As Socialist Review goes to press, the Equalities and Human Rights Commission (EHRC) is due to publish its inquiry into allegations of antisemitism in the Labour Party. It is very unlikely to find in favour of Corbyn and his team, the most consistent anti-racist leadership in Labour’s history. It is astonishing that Labour is the first party to be subject to a full statutory investigation by the EHRC since the 2006 Equality Act became law. Yet it is quite likely the EHRC will find that “unlawful acts” have been committed by the Party under the Equality Act, 2006 and that the party has unlawfully discriminated against, harassed or victimised people because they are Jewish. (This could include holding key individuals culpable or subject to censure).
Even if the EHRC falls short of such a finding it can conclude that the Party’s investigatory and disciplinary processes did not “enable it to deal efficiently and effectively with complaints of race… religion or belief, discrimination and racial harassment or victimisation”. The inquiry report will have devastating consequences for Labour’s left. First, the party leadership and the National Executive Committee (NEC) will have to agree an “action plan” with the EHRC.
Starmer has already pledged an “independent” complaints procedure and the current wave of investigations, suspensions and expulsions is almost certain to accelerate as Labour Party members are subjected to an external, politically hostile, disciplinary process. From the very beginning of this year’s Labour Party conference Starmer was at great pains to impress on the party membership that he was moving decisively away from Corbyn’s previous agendas and was in support of a thoroughgoing investigation. The greatest damage will be political. The right aim to use the EHRC report to recement their control of the party. Those who supported and defended the Corbyn project will be tarred with the EHRC judgement.

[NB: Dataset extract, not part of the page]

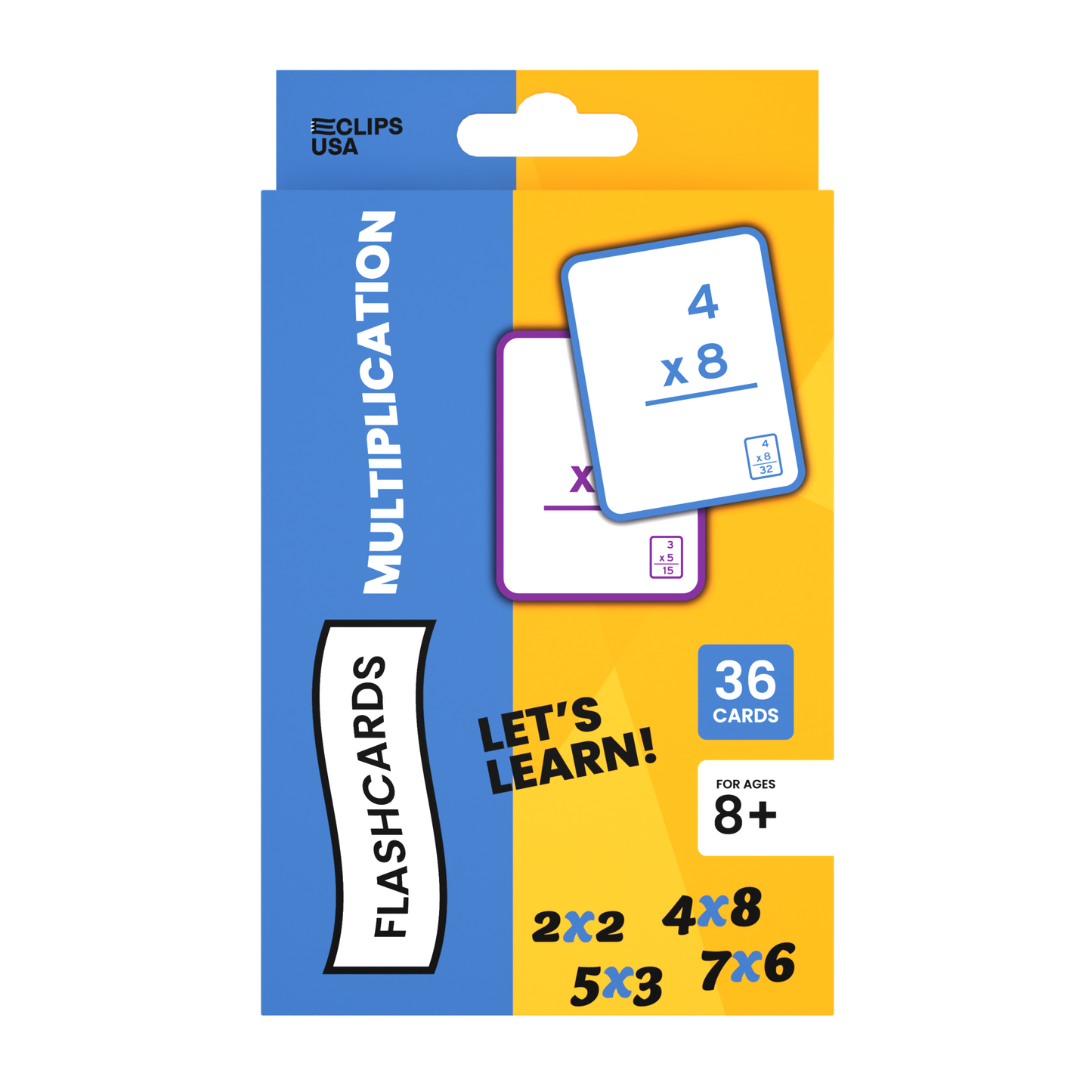 Multiplication Flash Cards - Set Of 36 Cards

Even to contest the findings will incur the risk of disciplinary proceedings. In a circular to constituency Labour Party secretaries and chairs, Labour’s general secretary, David Evans, made clear that no motions or discussion should be accepted in relation to the key issues of controversy over allegations of antisemitism: the internal Labour report leaked in April, into thehandling of antisemitism cases by officials in Labour HQ hostile to Corbyn and the left; the out of court settlement with former officials and BBC journalist John Ware over the Panorama programme, “Is Labour antisemitic?”; The International Holocaust Remembrance Alliance “working definition” of antisemitism or the EHRC inquiry itself. Curtailing democratic debate and invoking arbitrary discipline are important means of control for the right.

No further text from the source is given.